Exercise objective: Give back exactly the line containing "Designer jeans jeans" and all that follow it in the data below, with the pictures left out.

** Recorded data follows **

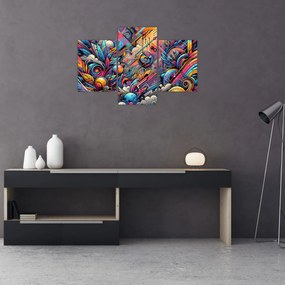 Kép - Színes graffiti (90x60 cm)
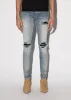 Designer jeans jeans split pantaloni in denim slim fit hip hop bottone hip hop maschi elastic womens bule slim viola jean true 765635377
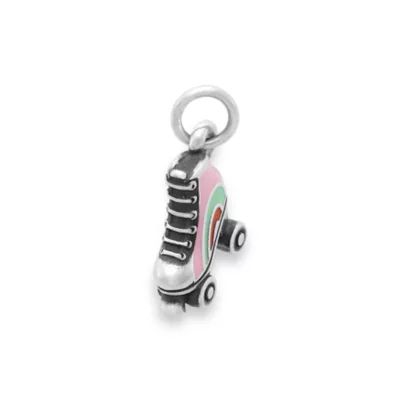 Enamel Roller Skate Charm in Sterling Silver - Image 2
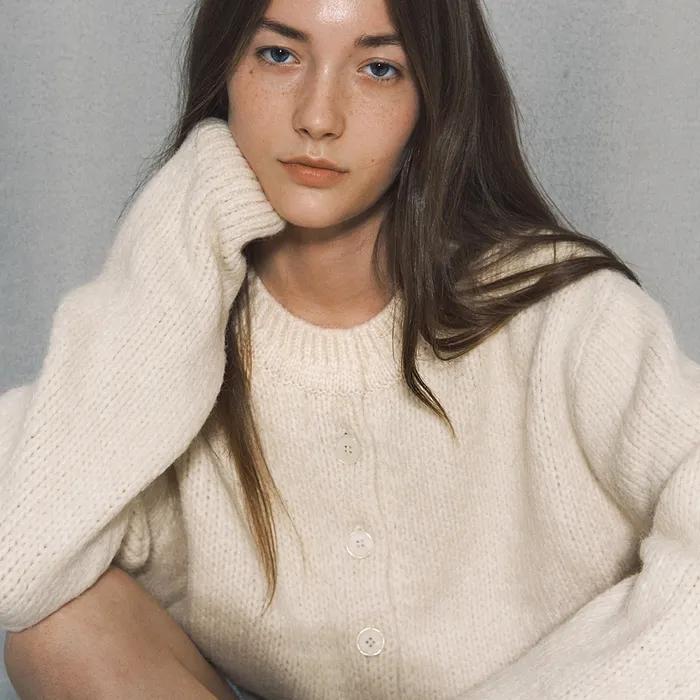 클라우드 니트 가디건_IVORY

** End of Recorded data **

Written solution:
 Designer jeans jeans split pantaloni in denim slim fit hip hop bottone hip hop maschi elastic womens bule slim viola jean true 765635377
 Enamel Roller Skate Charm in Sterling Silver - Image 2
 클라우드 니트 가디건_IVORY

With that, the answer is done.